_GOAL OF THE EXERCISE_:
All lines after the one containing "9620 Washington Boulevard" are needed, along with that line itself. Please repeat them exactly through the end of the entries.

--- DATA TO USE ---

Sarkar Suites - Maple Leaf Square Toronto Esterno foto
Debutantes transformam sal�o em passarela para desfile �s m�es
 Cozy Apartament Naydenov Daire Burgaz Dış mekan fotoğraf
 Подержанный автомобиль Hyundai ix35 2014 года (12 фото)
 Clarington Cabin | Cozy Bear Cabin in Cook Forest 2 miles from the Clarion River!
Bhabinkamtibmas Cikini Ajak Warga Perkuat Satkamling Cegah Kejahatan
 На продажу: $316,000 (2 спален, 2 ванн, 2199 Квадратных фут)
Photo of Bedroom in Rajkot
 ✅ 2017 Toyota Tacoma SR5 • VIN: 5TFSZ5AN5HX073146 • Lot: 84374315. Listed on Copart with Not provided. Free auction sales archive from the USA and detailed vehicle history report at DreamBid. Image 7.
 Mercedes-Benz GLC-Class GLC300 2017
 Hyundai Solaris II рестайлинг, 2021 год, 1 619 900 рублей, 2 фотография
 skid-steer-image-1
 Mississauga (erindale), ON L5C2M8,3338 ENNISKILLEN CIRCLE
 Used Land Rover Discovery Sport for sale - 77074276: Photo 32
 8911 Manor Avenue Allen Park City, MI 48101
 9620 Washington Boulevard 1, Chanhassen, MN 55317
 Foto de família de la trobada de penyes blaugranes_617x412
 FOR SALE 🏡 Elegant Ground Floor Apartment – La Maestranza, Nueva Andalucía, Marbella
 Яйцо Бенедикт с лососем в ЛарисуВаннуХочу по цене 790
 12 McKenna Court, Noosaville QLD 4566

---

_RESPONSE TO THIS EXERCISE_:
 9620 Washington Boulevard 1, Chanhassen, MN 55317
 Foto de família de la trobada de penyes blaugranes_617x412
 FOR SALE 🏡 Elegant Ground Floor Apartment – La Maestranza, Nueva Andalucía, Marbella
 Яйцо Бенедикт с лососем в ЛарисуВаннуХочу по цене 790
 12 McKenna Court, Noosaville QLD 4566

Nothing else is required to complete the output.